Sometimes, you want to define code that is automatically adjusted to different runtypes. This can be achieved by declaring runtype unions, which are resolved to one of their options. The resolution persists to dependent calls, create separate unions for independent resolution. Unions are resolved during compilation and, like many features of smoλ, are zero-cost abstractions. They can also unpack unions provided as arguments.
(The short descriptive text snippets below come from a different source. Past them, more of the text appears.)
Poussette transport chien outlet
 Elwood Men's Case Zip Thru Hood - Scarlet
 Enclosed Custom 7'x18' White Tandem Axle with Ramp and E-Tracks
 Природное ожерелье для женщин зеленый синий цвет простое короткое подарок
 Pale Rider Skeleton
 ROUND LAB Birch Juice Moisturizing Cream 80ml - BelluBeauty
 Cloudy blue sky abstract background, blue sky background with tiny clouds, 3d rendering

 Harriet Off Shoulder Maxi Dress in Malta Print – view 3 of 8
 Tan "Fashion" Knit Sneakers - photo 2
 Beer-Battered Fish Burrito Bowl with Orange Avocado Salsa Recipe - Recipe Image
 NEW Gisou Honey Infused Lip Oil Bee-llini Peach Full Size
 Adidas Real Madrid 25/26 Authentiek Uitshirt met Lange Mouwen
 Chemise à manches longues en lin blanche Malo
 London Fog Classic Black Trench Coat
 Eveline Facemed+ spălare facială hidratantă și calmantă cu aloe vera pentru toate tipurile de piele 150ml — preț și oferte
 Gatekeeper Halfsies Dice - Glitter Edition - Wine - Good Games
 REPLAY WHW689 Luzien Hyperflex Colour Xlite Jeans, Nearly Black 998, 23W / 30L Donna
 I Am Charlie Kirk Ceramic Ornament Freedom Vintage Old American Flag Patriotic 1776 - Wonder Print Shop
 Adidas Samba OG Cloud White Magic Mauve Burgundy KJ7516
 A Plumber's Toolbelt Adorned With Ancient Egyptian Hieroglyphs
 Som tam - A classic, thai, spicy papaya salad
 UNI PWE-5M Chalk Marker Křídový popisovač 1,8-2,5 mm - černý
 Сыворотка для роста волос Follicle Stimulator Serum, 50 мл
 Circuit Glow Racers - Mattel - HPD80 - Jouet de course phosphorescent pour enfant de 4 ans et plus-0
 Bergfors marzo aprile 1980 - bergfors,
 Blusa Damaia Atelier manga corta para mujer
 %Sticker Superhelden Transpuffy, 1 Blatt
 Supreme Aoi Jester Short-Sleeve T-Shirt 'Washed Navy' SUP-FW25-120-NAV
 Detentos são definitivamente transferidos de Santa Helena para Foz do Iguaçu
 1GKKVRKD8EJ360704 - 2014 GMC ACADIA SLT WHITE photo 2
For example, the Type union below is determined to be f64 while calling inc to match the Point argument and carries over to the internal implementation. Therefore, the f64 primitive is used for reading, constructing a two-dimensional point, for casting the value of 1 to the appropriate type, and calling the corresponding overloaded addition. Unions account for overloads of their options up to the point where they are defined.

@include std.builtins

union Type(i64, f64, u64)
smo Point(Type x, Type y) -> @new
smo inc(Point &p)
    p.x = add(p.x, Type(1))
    p.y = add(p.y, Type(1))
    --

service main()
    value = f64:read()
    p = Point(value, value)
    p:inc()
    print(p.x)
    --

@new 🔗

Till now we used ->@new returns as a shorthand for returning input values. However, this type of return also helps disambiguate overloading when there is no clear resolution. In particular, if exactly one of the competing runtypes has this kind of return declaration or argument, that is used as the choice that breaks the stalemate.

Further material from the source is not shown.